How to customize flask.ext.security.forms.LoginForm to prompt and use username instead of email?

Question

How to customize flask.ext.security.forms.LoginForm to prompt and use username instead of email?

I have tried this,

class ExtendedLoginForm(LoginForm):
    name = TextField('User Name:', [Required()])
    del LoginForm.email

security = Security(app, user_datastore, login_form=ExtendedLoginForm)

Changed the template,

<form action="{{ url_for_security('login') }}" method="POST" name="login_user_form">
    {{ login_user_form.hidden_tag() }}
    **{{ render_field_with_errors(login_user_form.name) }}**
    {{ render_field_with_errors(login_user_form.password) }}
    {{ render_field_with_errors(login_user_form.remember) }}
    {{ render_field(login_user_form.next) }}
    {{ render_field(login_user_form.submit) }}
</form>

changed userdb to use name instead of email

But still flask-security tries to find email in datastore instead of user.

Answer 1

In earlier versions of flask-security, the unique identifier of the user was the email property.
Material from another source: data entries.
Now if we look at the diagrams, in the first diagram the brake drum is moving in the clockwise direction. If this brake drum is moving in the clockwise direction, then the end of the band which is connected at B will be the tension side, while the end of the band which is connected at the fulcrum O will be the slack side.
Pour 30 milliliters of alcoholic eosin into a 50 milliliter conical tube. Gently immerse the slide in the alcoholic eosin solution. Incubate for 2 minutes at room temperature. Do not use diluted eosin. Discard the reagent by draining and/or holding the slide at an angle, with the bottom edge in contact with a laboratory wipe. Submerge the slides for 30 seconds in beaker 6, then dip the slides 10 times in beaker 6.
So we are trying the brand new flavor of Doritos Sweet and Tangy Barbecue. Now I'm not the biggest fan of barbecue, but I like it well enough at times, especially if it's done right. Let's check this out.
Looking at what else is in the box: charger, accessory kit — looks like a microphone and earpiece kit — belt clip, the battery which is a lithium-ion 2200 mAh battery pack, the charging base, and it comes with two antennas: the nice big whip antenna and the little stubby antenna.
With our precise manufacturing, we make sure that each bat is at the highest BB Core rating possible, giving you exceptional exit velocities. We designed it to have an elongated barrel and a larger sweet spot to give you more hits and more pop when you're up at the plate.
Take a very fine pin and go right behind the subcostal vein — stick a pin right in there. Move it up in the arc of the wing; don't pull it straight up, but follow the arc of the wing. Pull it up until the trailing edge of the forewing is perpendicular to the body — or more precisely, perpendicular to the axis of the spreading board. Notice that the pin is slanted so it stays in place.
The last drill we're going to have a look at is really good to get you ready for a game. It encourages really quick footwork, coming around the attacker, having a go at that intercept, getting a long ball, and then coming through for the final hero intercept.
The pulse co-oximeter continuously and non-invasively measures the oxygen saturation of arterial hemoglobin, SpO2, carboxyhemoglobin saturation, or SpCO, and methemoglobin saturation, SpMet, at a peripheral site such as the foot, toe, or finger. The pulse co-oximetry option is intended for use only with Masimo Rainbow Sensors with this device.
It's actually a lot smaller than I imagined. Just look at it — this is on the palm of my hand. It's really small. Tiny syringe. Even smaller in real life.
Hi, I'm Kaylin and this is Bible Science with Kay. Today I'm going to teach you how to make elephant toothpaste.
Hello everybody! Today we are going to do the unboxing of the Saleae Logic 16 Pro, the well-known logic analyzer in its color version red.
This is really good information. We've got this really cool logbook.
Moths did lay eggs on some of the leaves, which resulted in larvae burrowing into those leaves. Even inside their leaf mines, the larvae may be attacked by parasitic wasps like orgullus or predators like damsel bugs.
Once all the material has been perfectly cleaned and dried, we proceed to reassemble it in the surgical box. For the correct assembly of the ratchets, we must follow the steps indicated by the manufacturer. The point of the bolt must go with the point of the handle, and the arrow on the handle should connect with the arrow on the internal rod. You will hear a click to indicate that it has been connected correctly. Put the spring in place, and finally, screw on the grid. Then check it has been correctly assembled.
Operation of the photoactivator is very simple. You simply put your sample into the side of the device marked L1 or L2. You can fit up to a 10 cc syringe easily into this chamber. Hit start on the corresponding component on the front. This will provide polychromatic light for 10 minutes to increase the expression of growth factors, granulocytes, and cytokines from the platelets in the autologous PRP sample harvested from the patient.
You could extend models by adding your own properties, but the email field still served to uniquely identify the user (so the username had to be the email field). From version 1.7.0 it is possible to identify user with a different property. In the config file you should add the

app.config['SECURITY_USER_IDENTITY_ATTRIBUTES'] = 'name'

But you still have to have the email property in your model. There was a issue reported 3 days on git, for exactly what you are looking for https://github.com/mattupstate/flask-security/issues/396

Answer 2

To login with a name instead of an email address (using Flask-Security 1.7.0 or higher), you can replace the email field with a name field in the User model

class User(db.Model, UserMixin):
    id = db.Column(db.Integer, primary_key=True)
    name = db.Column(db.String(255), unique=True, index=True)
    password = db.Column(db.String(255))
    active = db.Column(db.Boolean())
    confirmed_at = db.Column(db.DateTime())
    roles = db.relationship('Role', secondary=roles_users,
                            backref=db.backref('users', lazy='dynamic'))

and update the app configuration.

app.config['SECURITY_USER_IDENTITY_ATTRIBUTES'] = 'name'

Next, to allow users to login using a name instead of an email, we will use the fact that the LoginForm validation method assumes the user identity attribute is in the email form field.

from flask_security.forms import LoginForm
from wtforms import StringField
from wtforms.validators import InputRequired

class ExtendedLoginForm(LoginForm):
    email = StringField('Username', [InputRequired()])

# Setup Flask-Security
user_datastore = SQLAlchemyUserDatastore(db, User, Role)
security = Security(app, user_datastore,
                    login_form=ExtendedLoginForm)

This way, we can login using a name without rewriting the validation method or the login template. Of course, this is a hack and the more correct approach would be to add a custom validate method (which checks a name form field) to the ExtendedLoginForm class and to update the login template accordingly (as done by Raja R above). Or even better, to replace the 'email' form field in 'LoginForm' with a 'user_identity' field and rewrite the validate method to accommodate any user identity field.

However, the approach above makes it easy to login with a name or an email address. To do this, define a user model with both a name and email field.

class User(db.Model, UserMixin):
    id = db.Column(db.Integer, primary_key=True)
    email = db.Column(db.String(255), unique=True)
    name = db.Column(db.String(255), unique=True, index=True)
    password = db.Column(db.String(255))
    active = db.Column(db.Boolean())
    confirmed_at = db.Column(db.DateTime())
    roles = db.relationship('Role', secondary=roles_users,
                            backref=db.backref('users', lazy='dynamic'))

and update the app configuration.

app.config['SECURITY_USER_IDENTITY_ATTRIBUTES'] = ('name','email')

Finally, create the custom login form.

from flask_security.forms import LoginForm
from wtforms import StringField
from wtforms.validators import InputRequired

class ExtendedLoginForm(LoginForm):
    email = StringField('Username or Email Address', [InputRequired()])

# Setup Flask-Security
user_datastore = SQLAlchemyUserDatastore(db, User, Role)
security = Security(app, user_datastore,
                    login_form=ExtendedLoginForm)

Now, when logging in, Flask-Security will accept an email or name in the email form field.